You don’t need ESP to know that Final Destination Bloodlines will start with a premonition. And this one’s a belter, eclipsing the plane crash (1), rollercoaster derailment (3), speedway crash (4) and suspension bridge collapse (5) that have previously acted as the franchise’s gory-glory curtain-raisers. Heck, it perhaps even rivals the second instalment’s Route 2 pile-up that made driving behind a logging truck such a no-no for all right-minded motorists.

The precog carnage this time takes place atop a soaring, needle-thin tower not unlike the Stratosphere in Las Vegas, as revellers in the sky-view restaurant stomp their stuff to a band playing ‘Shout’. Iris (Brec Bassinger) is the one being ‘treated’ to a preview, as a rogue coin flung by a bratty kid kickstarts Death’s signature Rube Goldberg routine: champagne corks pop, drums thud, chandeliers tremor, rivets spring, heels scrape, the glass floor cracks, and… well, by the time this extended set-piece finally comes to rest in pieces, chances are the cinema you’re watching it in will be rocking with applause.
But while this thrilling opener is everything you’d expect from a Final Destination movie, it’s also something different — set in the 1960s. We then crash-cut to the present as Stefani (Kaitlyn Santa Juana) awakens screaming. Plagued by night terrors for two months now, she’s flunking college, her scholarship in doubt. And so she decides to investigate the recurring nightmare. Might the Iris in the dream be her long-lost grandmother?
So comes the usual Mouse Trap mayhem, all of it splattery fun.
Entertaining as it is, the Final Destination franchise was getting tired when it was laid to rest in 2011 — there are only so many times you can rinse and repeat before the Grim Reaper’s scythe gets rusted. This reboot, then, offers a tweak to the format, with the group in peril being not pals and a rando or two, but a family. Searching for answers, Stefani teams up with her younger brother Charlie (Teo Briones), cousins Erik, Bobby and Julia (Richard Harmon, Owen Patrick Joyner, Anna Lore), and estranged mum Darlene (Rya Kihlstedt), only to quickly learn that the family tree is about to be felled.

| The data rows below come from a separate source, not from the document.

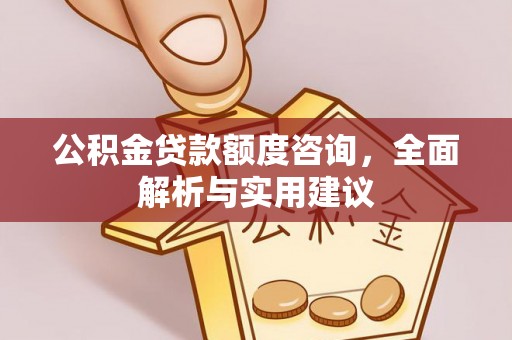 望江公积金贷款额度咨询，全面解析与实用建议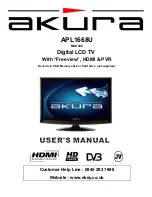 Akura APL1668U User Manual preview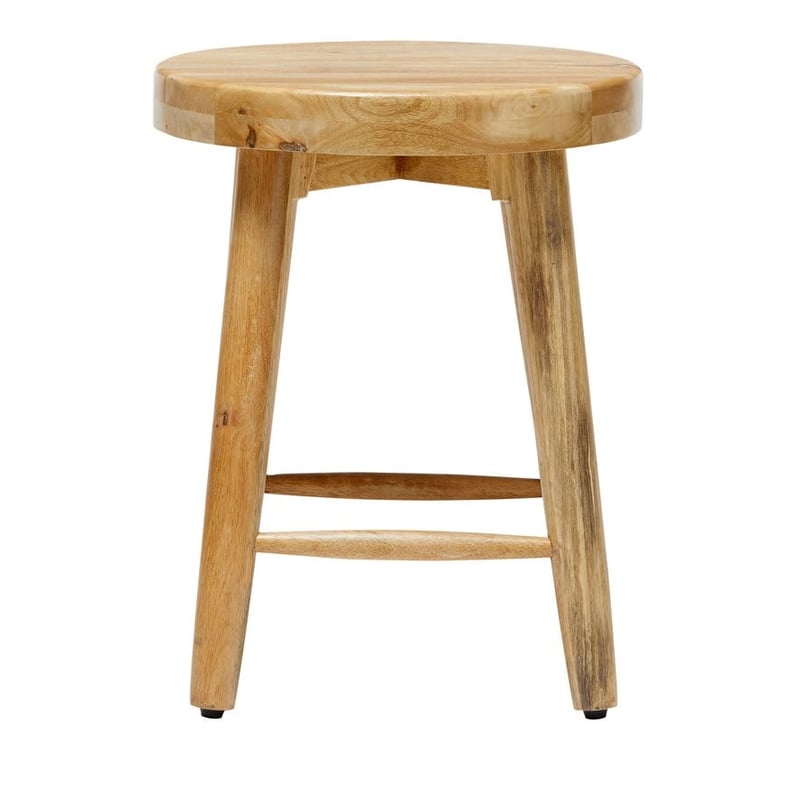 Anjuna Natural Side Table & Stool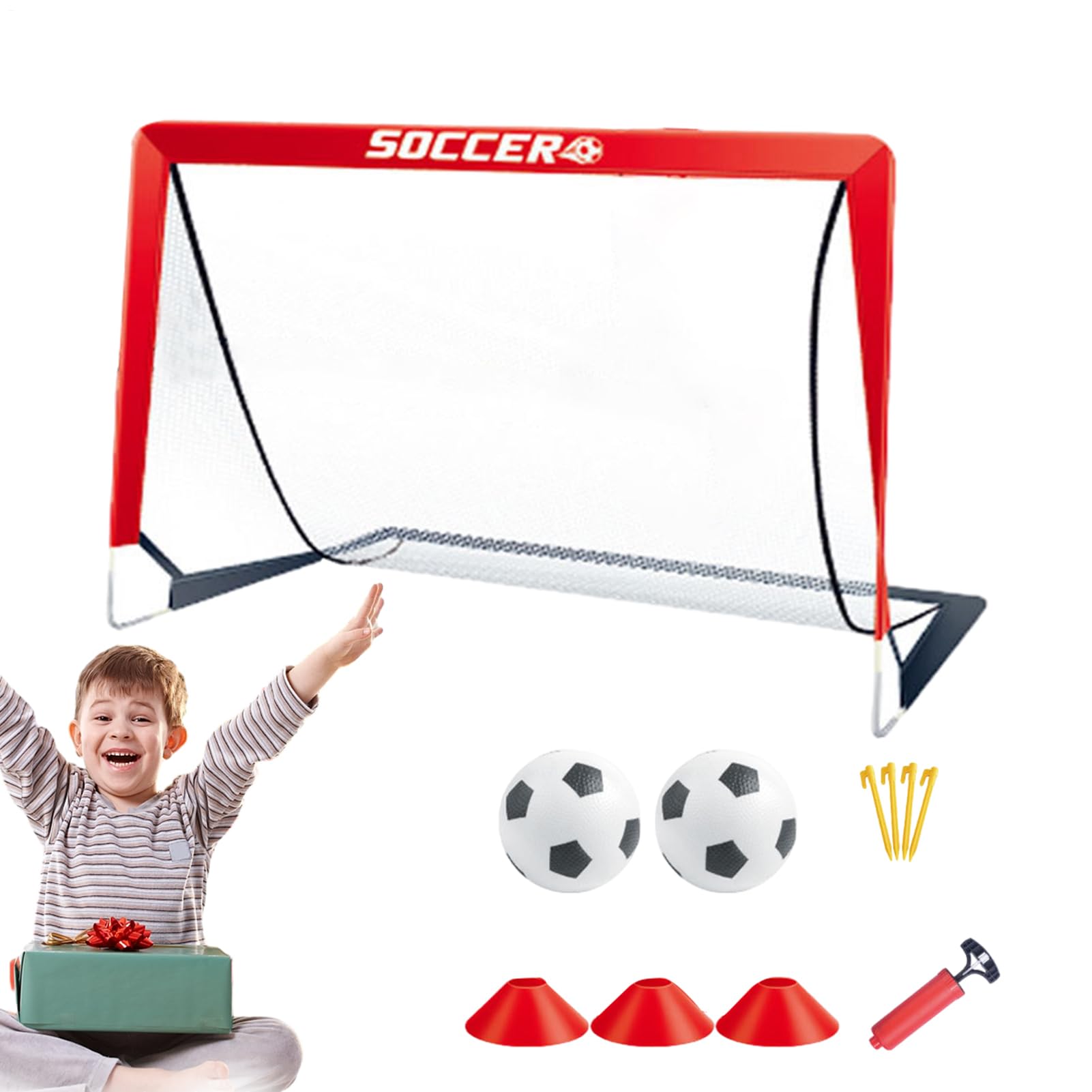 Porta da calcio pieghevole, Porta da calcio portatile,Rete da calcio portatile | Porta da calcio per bambini per bambini, porta da calcio portatile, miniport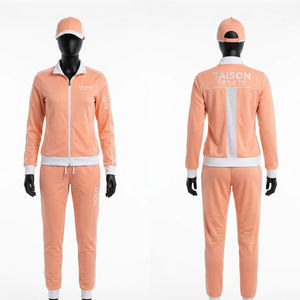Conjunto Deportivo de Tenis Premium de Poliéster y Spandex de 260 GSM, Diseño de Paneles Rojos y Blancos, Logotipo Personalizado - Product Image 4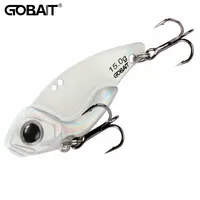 Metal Jig VIB Lure 7g 10g 15g Spoon Spinner Laser Painting Fishing Tackle Treble Hooks Swimbait Pesca Bait Spinnerbait VIBRATION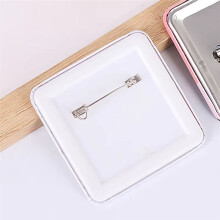 Square DIY Blank Pin Button Badges Material 50x50mm Refrigerator Magnets Badges Button Making Parts for Home Office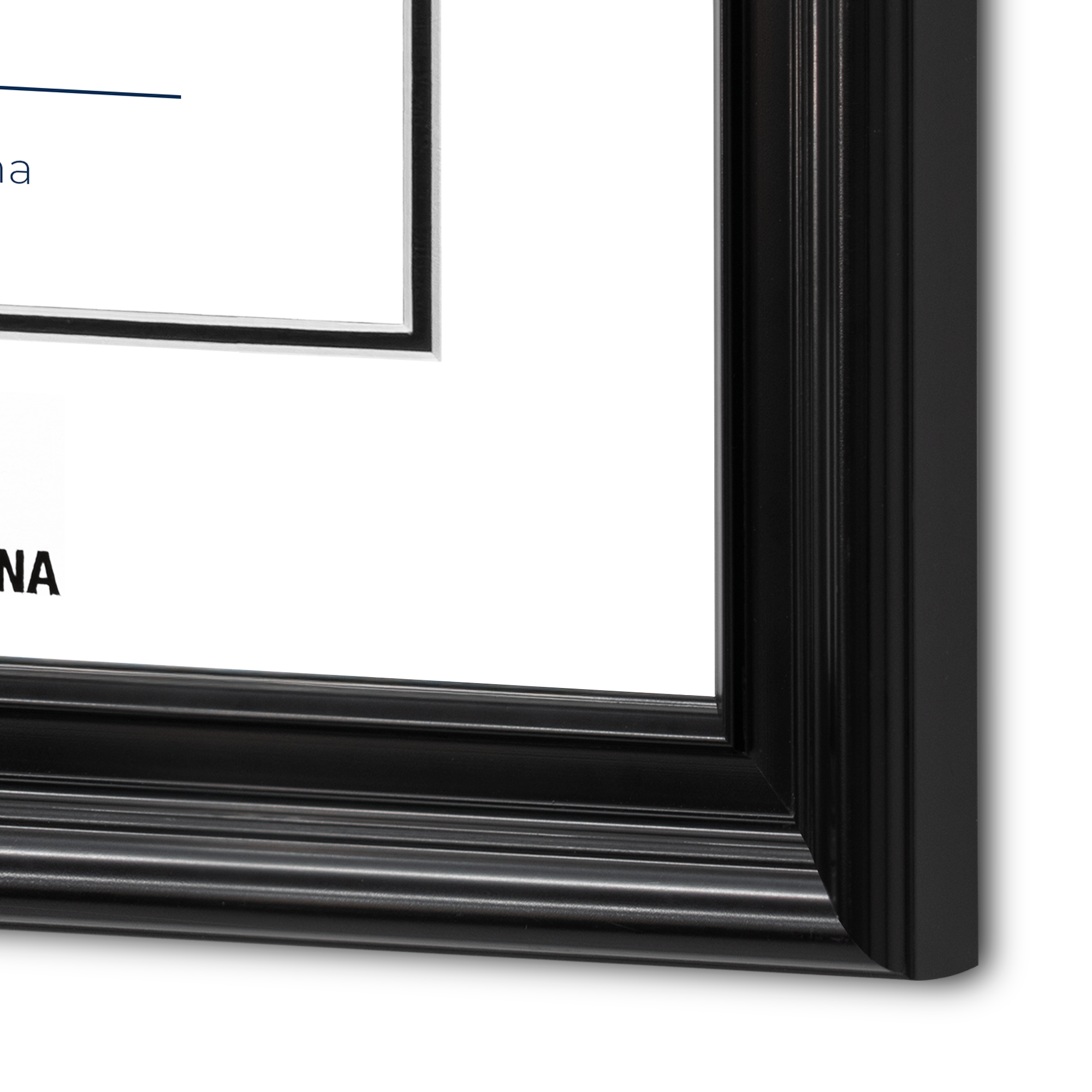 Diploma oficial UAM Marco color caoba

And so comes the usual Mouse Trap mayhem, all of it splattery fun even if none of it quite reaches the giddy heights of that sustained opener. The gaps between the elaborate death scenes, meanwhile, are dedicated as much to the fractured family resolving differences as to exploring how they might get Death to chill out. It’s hardly Secrets & Lies, but the no-name young cast prove likeable enough, and all efforts towards characterisation are appreciated — this is, after all, a franchise built on wafer-thin characters, where what’s inside is only of interest when it’s on the outside, in the gooiest form possible. The best bit of family drama has a major skeleton clatter out of the closet in a manner that’s both funny and clever, sure to wrong-foot fans who have become expert in sifting through the red herrings that make each death in the franchise a guessing game.
In fact, the screenplay, by Guy Busick (Scream) and Lori Evans Taylor (Cellar Door) from a story by Jon Watts (the Tom Holland Spider-Man trilogy), is smart throughout, and is matched by the peppy direction of Zach Lipovsky and Adam. B. Stein. Their 2018 movie, Freaks, one-upped both screen versions of Stephen King’s Firestarter in just how to do a sci-fi horror about a young girl with escalating psychic powers, and the directors here demonstrate a similarly crisp understanding of dog-eared material.
Clearly desiring to hit every base, Final Destination Bloodlines runs through all of the how-to-cheat-death rules that were fitfully established over the first five movies, tosses out Easter eggs with the forceful abandon of giant logs bouncing down a highway, and at last offers an explanation — and a satisfying one, at that — as to why mortician William Bludworth (Tony Todd) is such an expert on Death. Reprising his fan-favourite role from the first, second and fifth instalments, genre icon Todd, who passed away last November, is here visibly ill as he courageously delivers his final performance. He brings pathos to the line, “Life is precious… enjoy every single second,” and the film is dedicated to his memory — still, reflective moments amid the rush of squishing heads, bursting eyeballs and tearing genital piercings.